■ Task item
From the line with "portret van een" through the line with "Two cute and", inclusive, return each line of the data below exactly and leave the rest out.

■ Materials provided
==============================
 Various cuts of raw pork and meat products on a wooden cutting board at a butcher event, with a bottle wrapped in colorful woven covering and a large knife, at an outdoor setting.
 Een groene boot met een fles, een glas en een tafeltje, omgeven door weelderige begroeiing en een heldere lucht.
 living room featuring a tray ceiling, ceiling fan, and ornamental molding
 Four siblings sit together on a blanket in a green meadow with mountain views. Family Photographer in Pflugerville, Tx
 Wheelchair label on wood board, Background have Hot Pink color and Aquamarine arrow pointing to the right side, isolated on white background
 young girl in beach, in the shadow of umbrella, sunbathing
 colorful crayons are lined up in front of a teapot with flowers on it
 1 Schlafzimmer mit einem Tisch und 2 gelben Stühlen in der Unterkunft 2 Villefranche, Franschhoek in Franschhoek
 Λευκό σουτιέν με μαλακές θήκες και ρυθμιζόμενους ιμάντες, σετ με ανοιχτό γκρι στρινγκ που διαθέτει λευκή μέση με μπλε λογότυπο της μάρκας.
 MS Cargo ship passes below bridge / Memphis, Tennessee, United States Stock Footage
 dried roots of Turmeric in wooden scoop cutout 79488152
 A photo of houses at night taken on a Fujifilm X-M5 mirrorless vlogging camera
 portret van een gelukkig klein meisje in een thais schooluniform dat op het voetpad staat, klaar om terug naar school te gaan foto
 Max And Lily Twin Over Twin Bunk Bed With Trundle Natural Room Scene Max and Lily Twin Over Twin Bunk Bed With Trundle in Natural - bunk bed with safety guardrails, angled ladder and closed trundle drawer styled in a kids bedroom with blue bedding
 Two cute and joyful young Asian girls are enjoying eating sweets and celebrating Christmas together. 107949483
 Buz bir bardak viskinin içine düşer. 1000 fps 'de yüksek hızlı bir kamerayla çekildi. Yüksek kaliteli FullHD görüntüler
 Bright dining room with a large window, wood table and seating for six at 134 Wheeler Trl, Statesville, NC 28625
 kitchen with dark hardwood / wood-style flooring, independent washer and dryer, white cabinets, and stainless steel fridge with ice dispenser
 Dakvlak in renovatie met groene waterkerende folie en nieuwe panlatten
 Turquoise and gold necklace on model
==============================
■ Written solution
 portret van een gelukkig klein meisje in een thais schooluniform dat op het voetpad staat, klaar om terug naar school te gaan foto
 Max And Lily Twin Over Twin Bunk Bed With Trundle Natural Room Scene Max and Lily Twin Over Twin Bunk Bed With Trundle in Natural - bunk bed with safety guardrails, angled ladder and closed trundle drawer styled in a kids bedroom with blue bedding
 Two cute and joyful young Asian girls are enjoying eating sweets and celebrating Christmas together. 107949483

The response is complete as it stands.